Toplumun en küçük dokusu olan birey, birey olma ve toplumda var olma çabası verirken içine doğduğu aile ve sosyal çevrenin ağırlığı, rengi ve derinliğinde pişer ve tercihleriyle yoğrulur.


Birey, kendi tercihi ile seçtiği yahut ona dayatılan tercihlerin sonucunda inşa ettiği hayatın ve karakterinin bir yaşam haritası oluşur. Ondan sonra devriye ve yaşam maratonu şekillenmeye başlar.


"Coğrafya kaderdir (ölçüdür)." diye dilden düşmeyen ve İbn-i Haldun' a ait olduğu iddia edilen cümle, İbn-i Haldun' a ait olmasa da cümlenin insan yaşamı açısından popüler bir cümle olduğunu söyleyebiliriz. İnsana çizilen sınır, yapabileceklerinin ve yaşayabileceklerinin ufuk çizgisi müspet olarak sınırlı olsa da insan doğasının derinliği ve düşüncenin fikre dönüşüp de insanın kendi sosyal, siyasi, ekonomik, özel ve kültürel yaşamını inşa etmesi ve kendi sınırlarını zorlayıp kendini değiştirmesi akabinde çevresini, yurdunu ve dünyayı değiştirmesi başka müspet olan bir gerçektir. Dolayısıyla "Öğrenilmiş çaresizlik" ve "Coğrafya kaderdir" sözü arasında ince bir çizginin varlığından söz edebiliriz. Kavanozun içindeki pirelerin zıplarken kavanoz kapağına çarpmaları neticesinde heveslerini kırılması ve zıplamaktan vazgeçmeleri örneğinde, öğrenilmiş çaresizliğin, hayvan doğasındaki güdüsel sınırın ve güdülenerek öğrenmelerinin menzilini belirler. Lakin insan tüm derinliği ve debisiyle pire olmayacak kadar dipsiz, karmaşık bir düşünendir.

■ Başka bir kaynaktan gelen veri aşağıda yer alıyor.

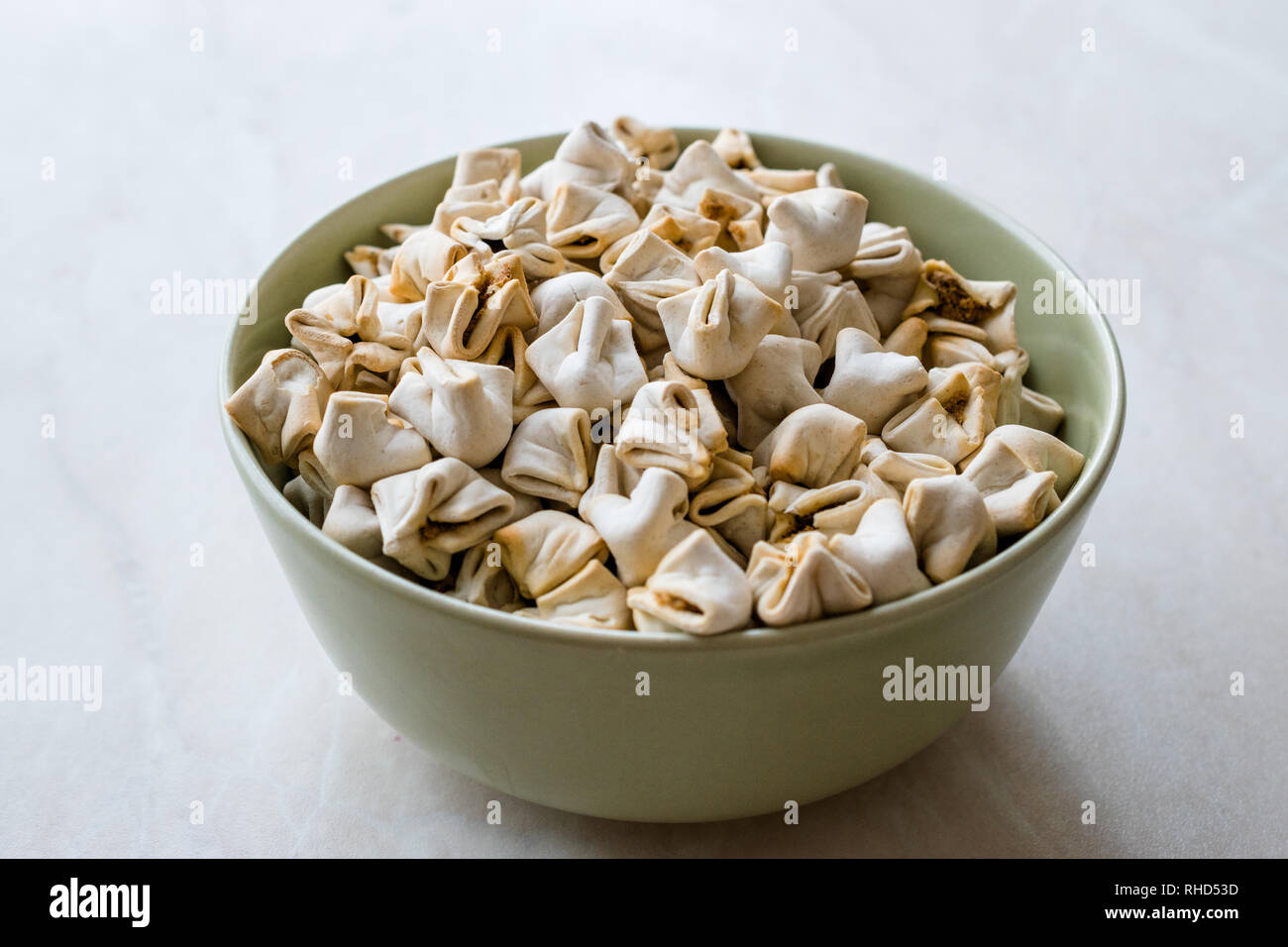 Hausgemachte knusprige Manlama Raw manti (Türkische Ravioli) in der Schüssel. Traditionelle Instant Essen. Stockfoto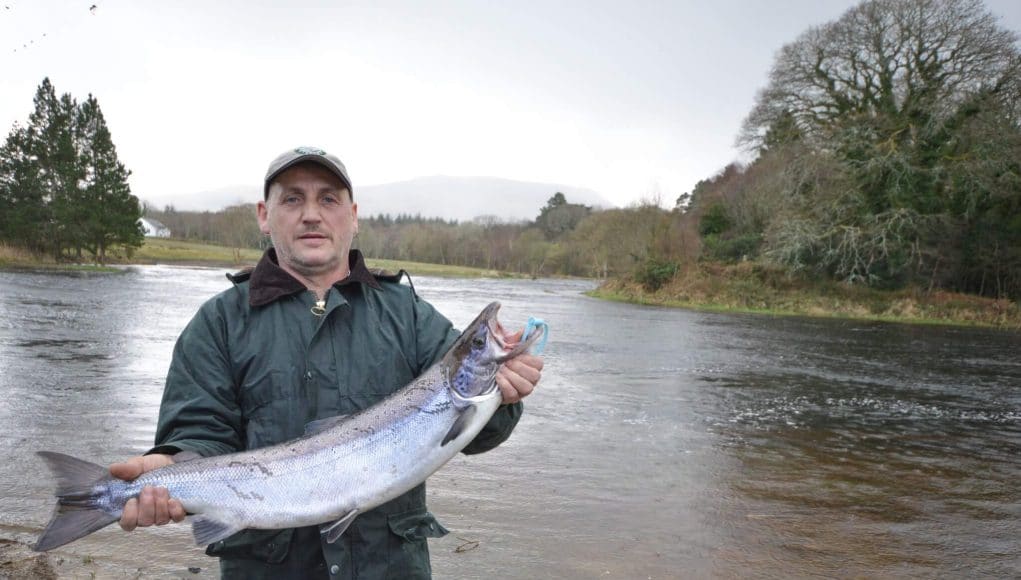 Eddie poses by the Drowes with his salmon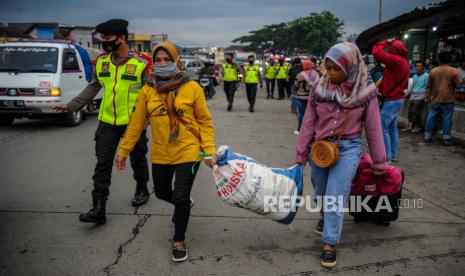 Calon penumpang menunggu bus tujuan Jakarta di terminal bayangan Gerbang Tol Cileunyi, Kabupaten Bandung, Jawa Barat, Ahad (1/11/2020). Kepala Bagian Operasi Korps Lalu Lintas Polri Komisaris Besar Rudi Antariksawan mengatakan, puncak arus balik libur panjang cuti bersama menuju Jakarta di berbagai daerah akan terjadi pada Minggu (1/11/2020) malam ini. 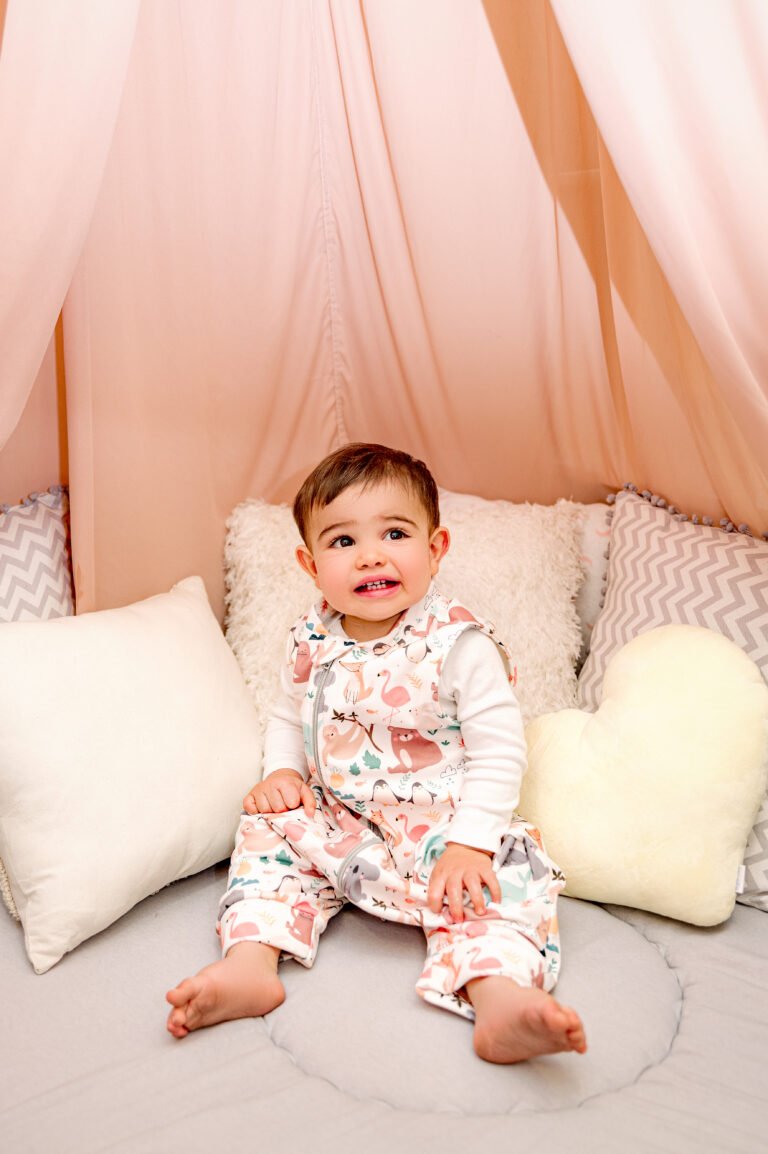 Bebé sonriendo con el Guardián de Sueños de BeBaby en su cama con dosel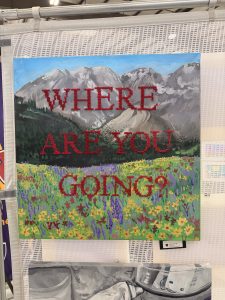 A colorful painting features mountains and a flower-filled field with the text "WHERE ARE YOU GOING?" prominently displayed.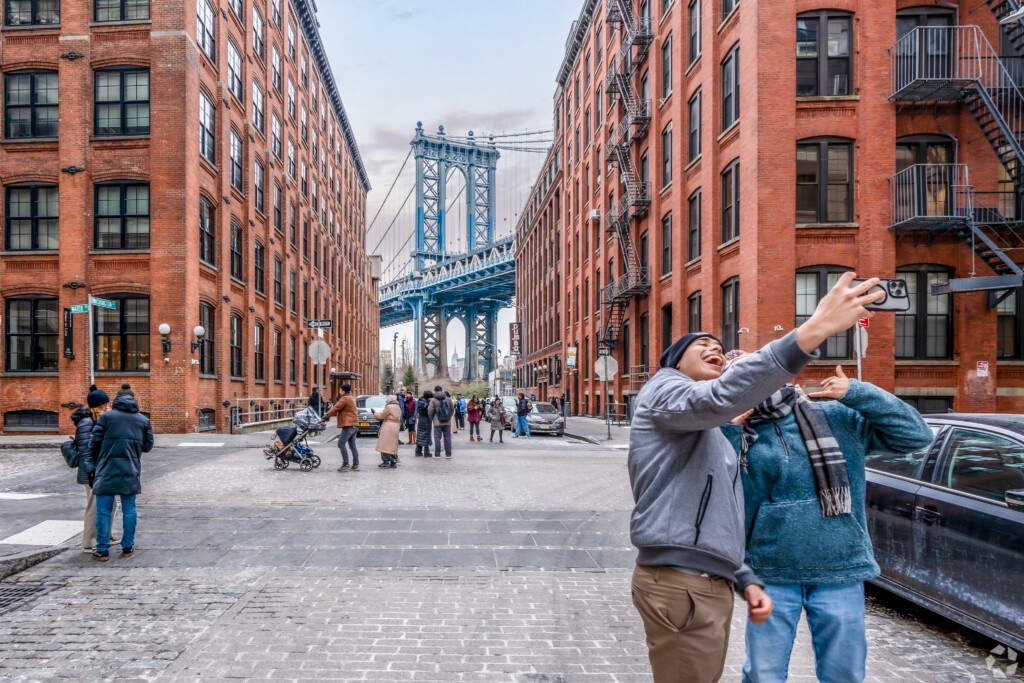 Two people take a selfie in the Vinegar Hill neighborhood of Brooklyn with the DUMBO Manhattan Bridge in the background.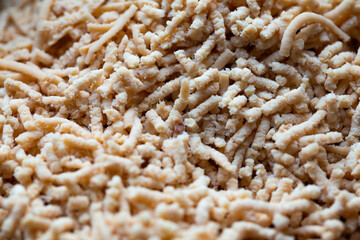 Close up of grind poultry meat. Photo taken under natural light shining through the window. Plastic...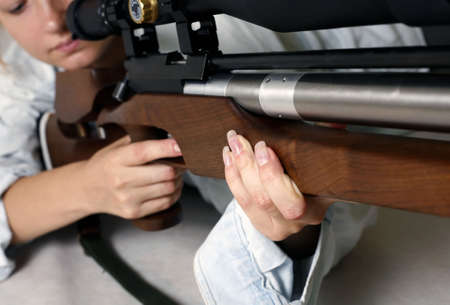 The girl with a gun in studioの写真素材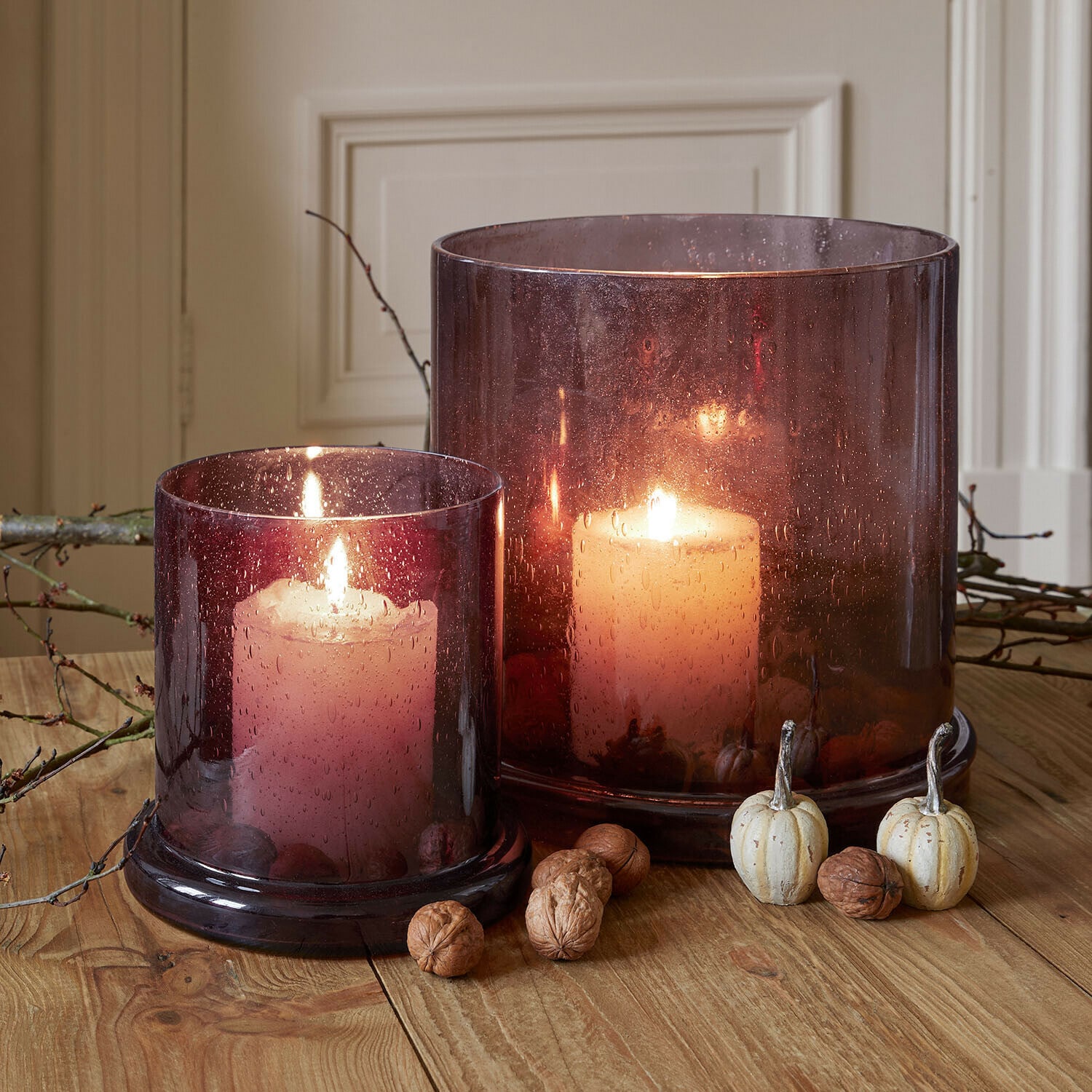 Lot de 2 photophores Saffrone Deux bougies allumées dans des photophores en verre violet sur une table en bois avec décorations d'automne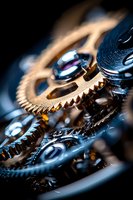 Macro close-up of interlocking metallic gears and cogs with reflective surfaces, showcasing mechanical precision and industrial engineering design against dark background.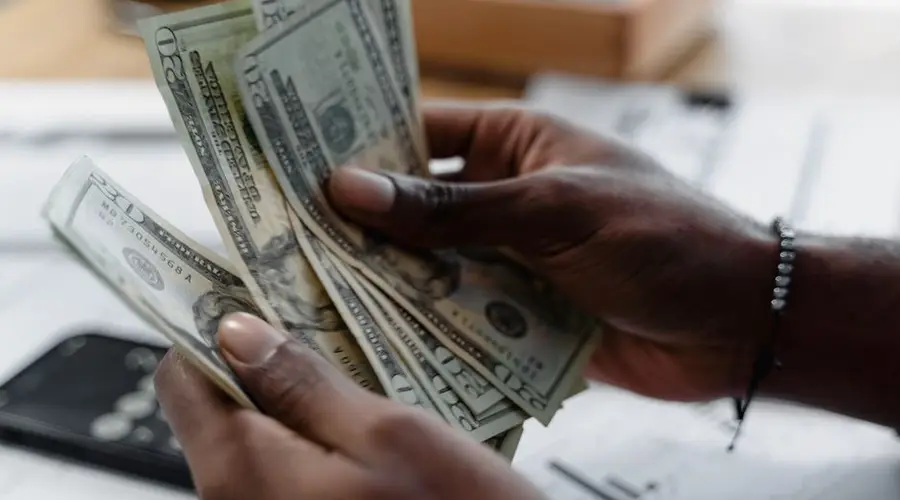 Detailed image of hands counting US dollar bills on a desk, emphasizing finance and budgeting.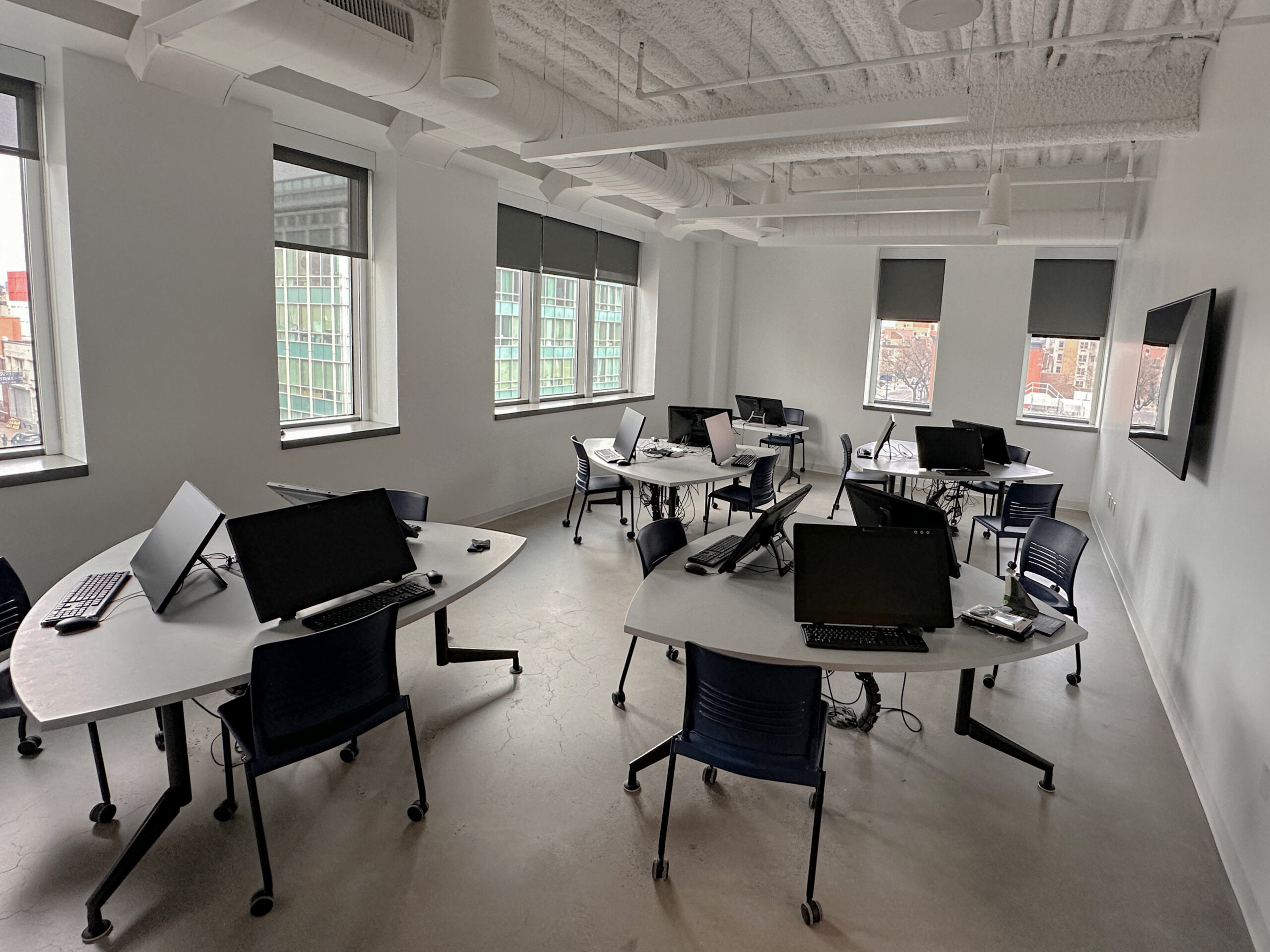 Students gather around digital drawing workstations for a critique or discussion in a storyboard and animation classroom. One student smiles while holding a stylus and speaking with classmates seated nearby, with pen displays, keyboards, and notes arranged across the desks.
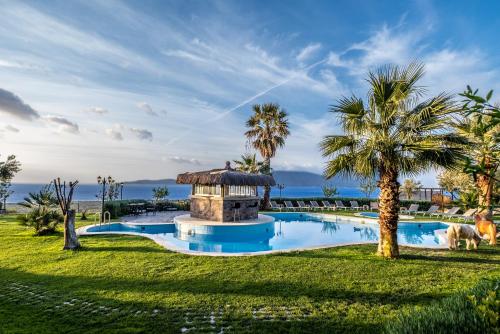 a resort pool with a gazebo and palm trees at Assos Alis Farm Boutique Hotel & Spa in Behramkale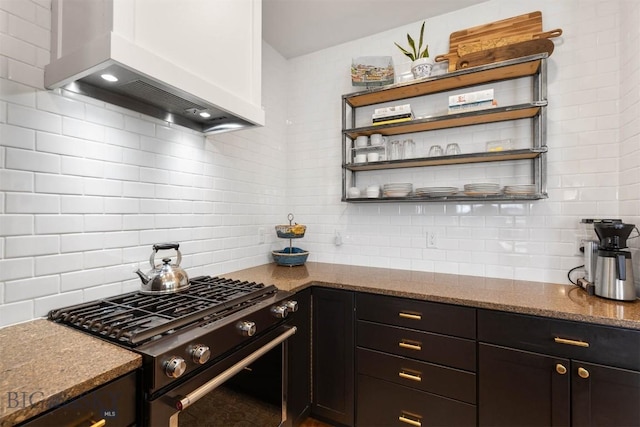 kitchen with wall chimney exhaust hood, light stone counters, backsplash, and stainless steel gas range oven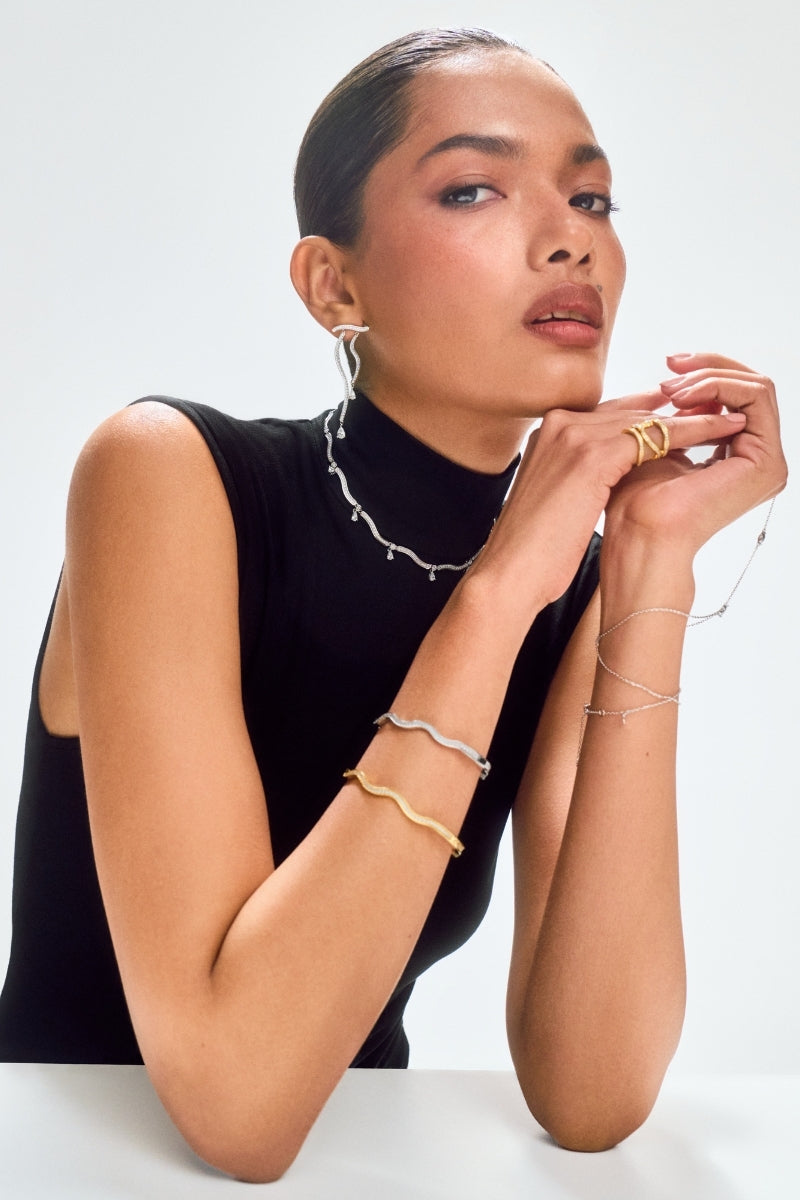 Silver Dune Mirage Long Drop Earring by Velvet Desert featuring elegant white design and intricate details.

İnsan düşüncesinin yön bulması ve fikre dönüşmesi, kafa biçimlenmesinin bir terbiyeye girmesine vesile olur. Düşünce eğitiminin bu zor yolculuğu, insanın kendi düşünce deneyimlerinden birtakım müspet kazanımlar, eylem tarafı kuvvetlendiği takdirde ise görünür gelişimler kaydetmesini sağlar. Aynı insan bu süreçte, bilgi paritesini ve donanımsal gelişimini ilerletirken karar noktaları yaratabildiği zaman ise, sahip olduğu bilgi kuvvetinin meyvelerini tek tek toplamaya başlar. Kararlar, son ve katî olduğu için dönüm noktaları olarak insan yaşamının milat noktaları olarak adlandırılabilir. Değişim süreci başlar...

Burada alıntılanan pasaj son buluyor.